In this thematic episode of Buy Hold Sell, Livewire's Ally Selby was joined by Medallion Financial's Michael Wayne and Marcus Today's Henry Jennings for a full portfolio reset. 

They outline the headwinds they are watching as we move into the second month of 2023, the sectors that currently look promising, as well as the stocks they would want as their top three holdings if they could start completely from scratch. 

And because I know you love it when we dish the dirt on portfolio duds, they also share some of their most painful positions from the year just past. 

Note: This episode was filmed on Wednesday 24 January 2023. You can watch the video, listen to the podcast, or read an edited transcript below.



Edited Transcript  

Ally Selby: Hello and welcome to Livewire's Buy Hold Sell, I'm Ally Selby, and unless you were on the right side of the oil and gas, coal and lithium trade last year, I'm guessing you had a pretty rough time of it in 2022. So if you could, would you start completely from scratch? Today, we're joined by Michael Wayne from Medallion Financial, and Henry Jennings from Marcus Today for a full portfolio reset. 

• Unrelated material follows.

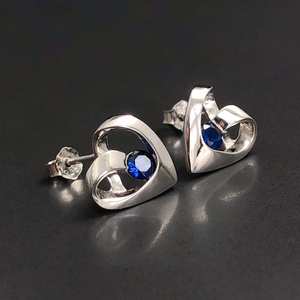 Pendientes de Zafiro en Forma de Corazón, Plata de Ley, Piedra de Nacimiento de Septiembre, Regalo para Cumpleaños, Navidad, Aniversario de Boda - Product Image 5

Okay, let's dive straight in, I'm going to start with you, Henry. Do you think what worked over the last six to 12 months will work over the year ahead or is now the right time for a full portfolio reset?

Is now the time for a portfolio reset? 

Henry Jennings: I think it's always good to stress test your portfolio at any time and the beginning of the year is always good. What worked in 2022 was based on the Black Swan event, which we saw when Putin went into Ukraine. Will that happen again? Well, he's already there... So, what will work this year? I don't think it'll be the same things that worked last year.

Ally Selby: So a good time for a reset?

Henry Jennings: I think it's a good time for a reset. I think it's a good time just to, as I said, stress test your portfolio, and think about what stocks you've got in there... The biggest event this year is going to be China. China's reopening is the game changer of all game changers. It's the second-biggest economy coming back online after three years in the wilderness. That is huge.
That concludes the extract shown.